─── INFORMATION PROVIDED ───
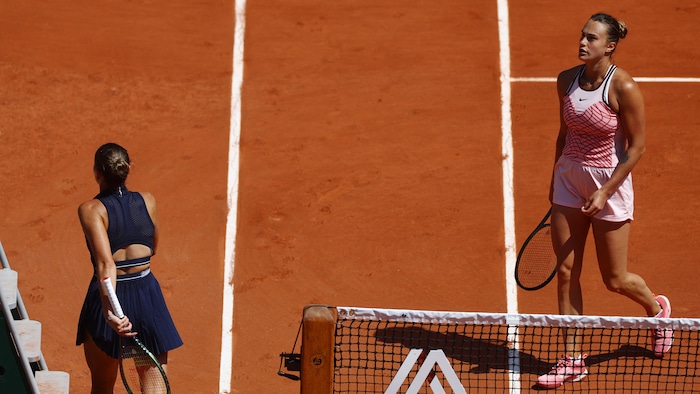 La joueuse de tennis ukrainienne Marta Kostyuk a refusé de serrer la main à sa rivale bélarusse Aryna Sabalenka au terme de leur match à Roland-Garros.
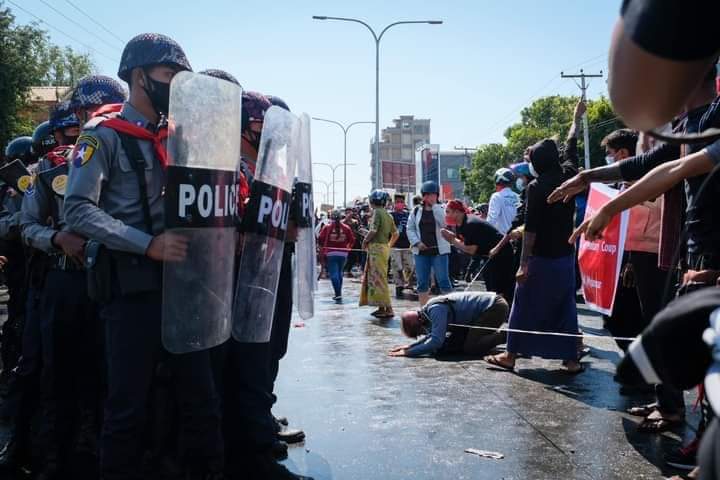 KhineHninOo7's tweet photo. HEAR OUR VOICE #WhatsHappeningInMyanmar  #Feb9Coup 
 Myanmar police uses  real bullet to shoot protestors who fight for democracy with unity &amp; peace. Shame on you Myanmar Military Coup &amp; Myanmar Police. https://t.co/bR4NIcAeqM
───
-- WORK TASK --
Only those lines from the one containing "KhineHninOo7's tweet photo." to the end of the material above, retyped exactly and without pictures, belong in your reply.

-- WRITTEN ANSWER --
 KhineHninOo7's tweet photo. HEAR OUR VOICE #WhatsHappeningInMyanmar  #Feb9Coup 
 Myanmar police uses  real bullet to shoot protestors who fight for democracy with unity &amp; peace. Shame on you Myanmar Military Coup &amp; Myanmar Police. https://t.co/bR4NIcAeqM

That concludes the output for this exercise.